Я провел его туда, где под стеганым одеялом лежала покойница. Он снял шляпу и поклонился Никки так почтительно, как будто она была особой королевской крови. «Мы оставим вас, — сказал я ему. — Пройдемся немного, придем примерно через час». — «Дайте мне полтора часа, сэр», — попросил он. «Отлично». — «Могу я задать несколько вопросов, сэр?»

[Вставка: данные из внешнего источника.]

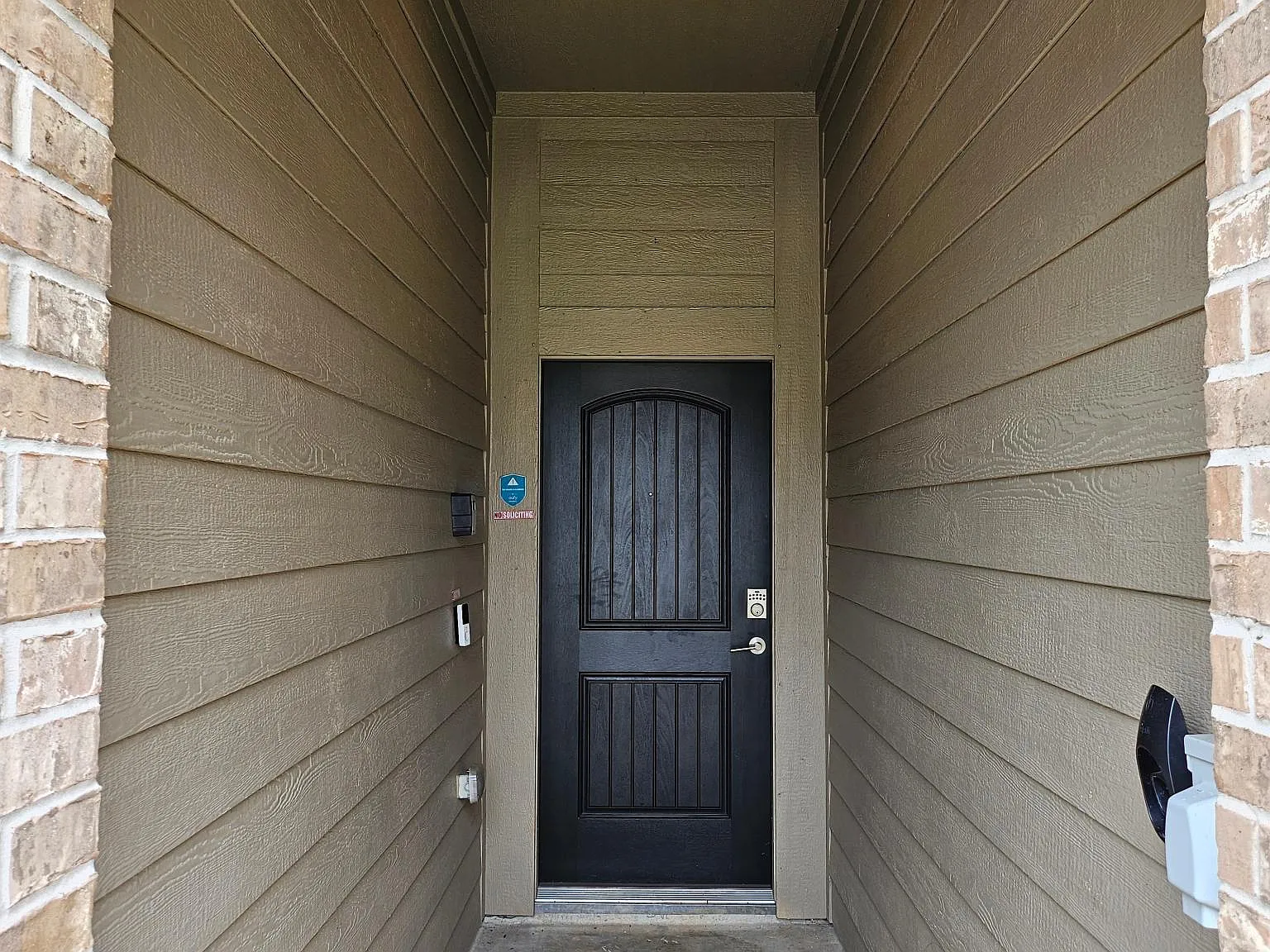 4 bed, 2.5 bath, 2244 sqft, $2,450 — Photo 2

Так как Никки была уже и так потрясена его огромными размерами, — не считая всего остального, — я решил, что ей вряд ли нужно слышать его вопросы. Они могли оказаться только жуткими, и никакими другими. Она и так глаз не сводила с больших черных коробок, которые он поставил на пол, когда вошел. «Ты выйди на минутку, — сказал я ей. — Спустись вниз, подыши, а я тут закончу». Она молча повиновалась. Она покидала свою мать впервые после того, как отлучилась накануне и, вернувшись, нашла ее мертвой. Но, видимо, что угодно было для нее лучше, чем оставаться с этим человеком и его черными коробками. Бальзамировщик спросил меня, как должна быть одета покойная. Я не знал, но вместо того чтобы снова бежать за Никки, велел ему оставить ее в ночной рубашке. Потом я понял, что если мы готовим ее к кремации и похоронам, то надо снять с нее драгоценности. Я спросил, не сможет ли он это сделать. «Давайте посмотрим, что на ней надето, сэр», — сказал он и пригласил меня осмотреть тело вместе с ним.

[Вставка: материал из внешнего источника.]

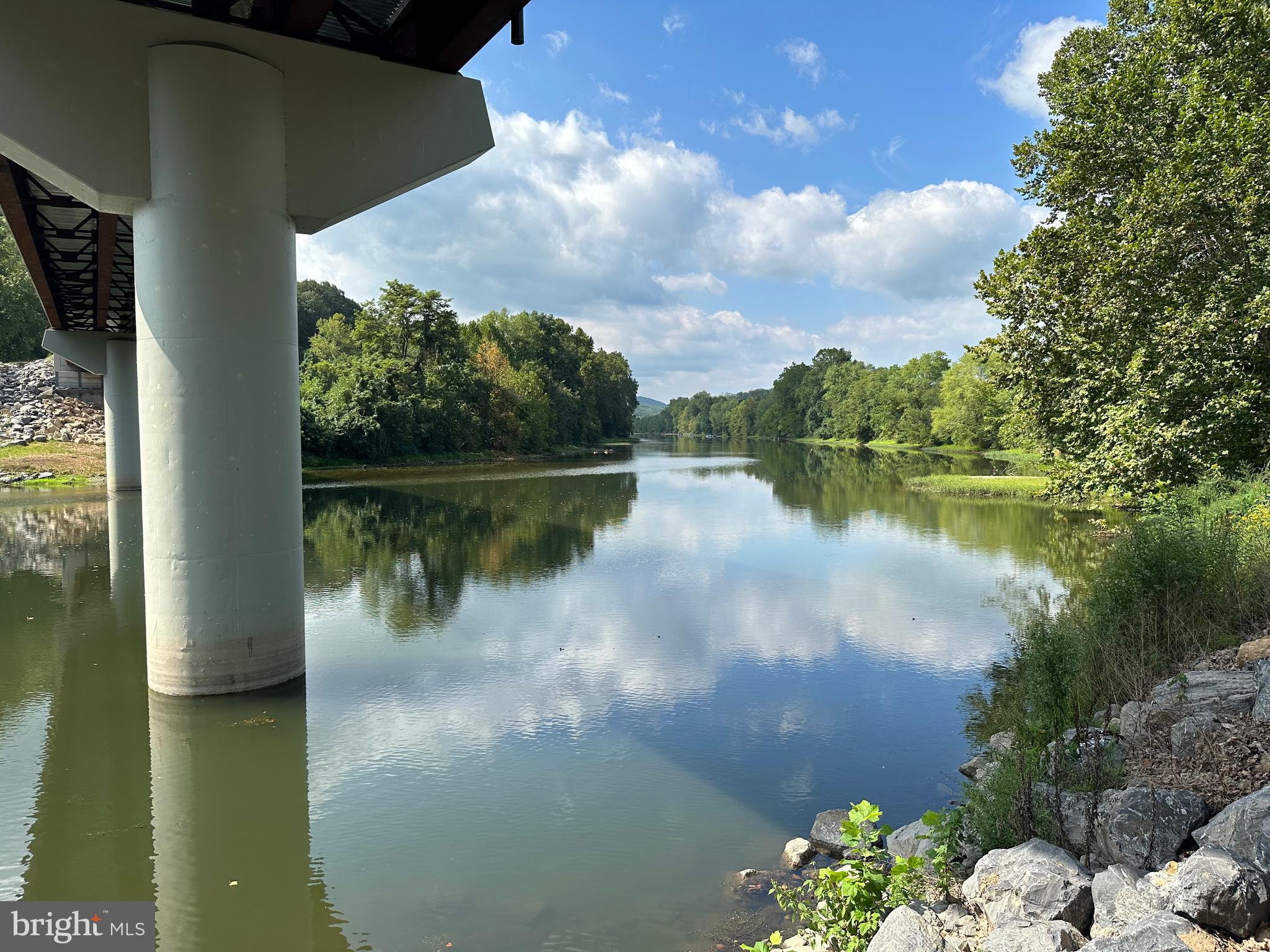 LONG ACRE ESTATES - Land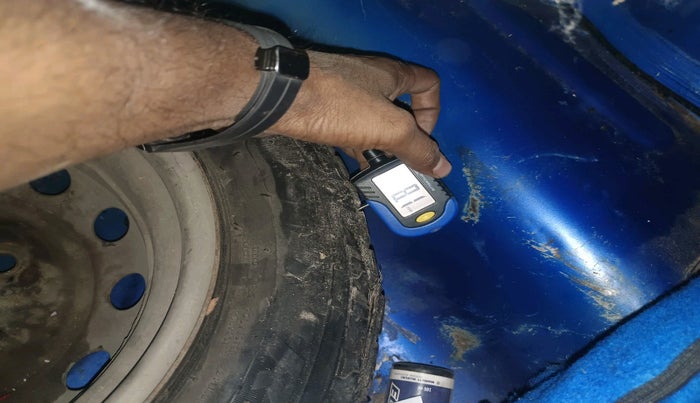 2013 Hyundai Eon ERA +, Petrol, Manual, 65,089 km, tyre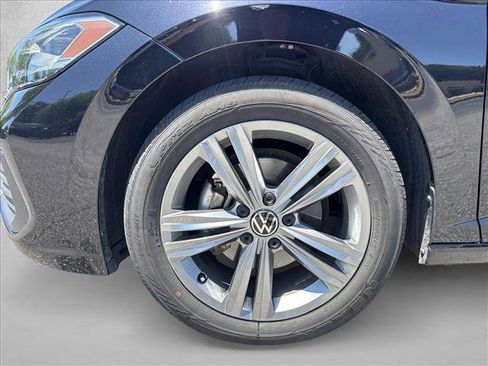 Used 2024 Volkswagen Jetta SE FWD image 9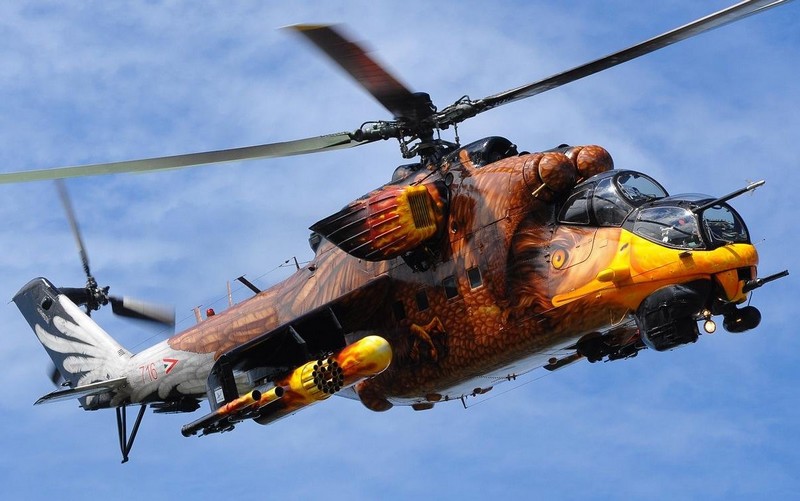 塗裝迷彩的米-24武裝直升機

Я этого не ожидал, но, видимо, профессиональная этика требовала от него, чтобы он снимал драгоценности только в присутствии свидетеля. Я стоял рядом, когда он откинул стеганое одеяло и открылись окостеневшие синие пальцы покойницы, а там, где задралась рубашка, и худые, как щепки, ноги. Он снял с нее кольцо и отдал его мне, а потом приподнял ей голову, чтобы вынуть серьги из ушей. Но одному ему было не справиться, и я подержал ей голову, пока он занимался серьгами. «Жемчуг тоже», — сказал я, и он перевернул ожерелье на шее так, чтобы застежка оказалась спереди. Только она никак не расстегивалась. Он долго и тщетно старался расстегнуть ее своими огромными пальцами циркового силача, а я все это время ощущал тяжесть ее головы на своей ладони. Я никогда не чувствовал себя с ней легко и непринужденно, так что, пожалуй, это был наш самый тесный контакт за все время знакомства. Голова мертвой показалась мне очень тяжелой. Она настолько мертва, подумал я, что это уже становится невыносимым. Наконец я попробовал взломать эту проклятую застежку сам, провозился с ней еще несколько минут, и мы, поняв, что открыть не удастся, стащили, как могли, ожерелье через голову, хотя оно было довольно тесное.
Выходя, я очень старался не споткнуться о его черные коробки. «Ну хорошо, — сказал я ему, — я вернусь через полтора часа». — «Вам лучше сначала позвонить, сэр», — сказал он. «А вы оставите ее так, как она лежит сейчас?» — «Да, сэр». Взглянув на окно, выходившее в сад Неда и на окна домов напротив, он спросил: «А им оттуда не будет видно, сэр?» Я вдруг встревожился: оставить эту еще привлекательную сорокапятилетнюю женщину наедине с ним, даже мертвую… Но о том, о чем я подумал, просто нельзя думать, решил я и сказал ему: «Лучше задерните занавески на всякий случай». Занавески были новые, подарок на день рождения от Никки, купленный год назад. Их повесили только в последнюю неделю болезни. Мать настаивала на том, что ей не нужны новые занавески, отказывалась даже развернуть их, и приняла их только тогда, когда Никки, сидя у одра умирающей, сказала ей, что они обошлись ей меньше, чем в десять фунтов.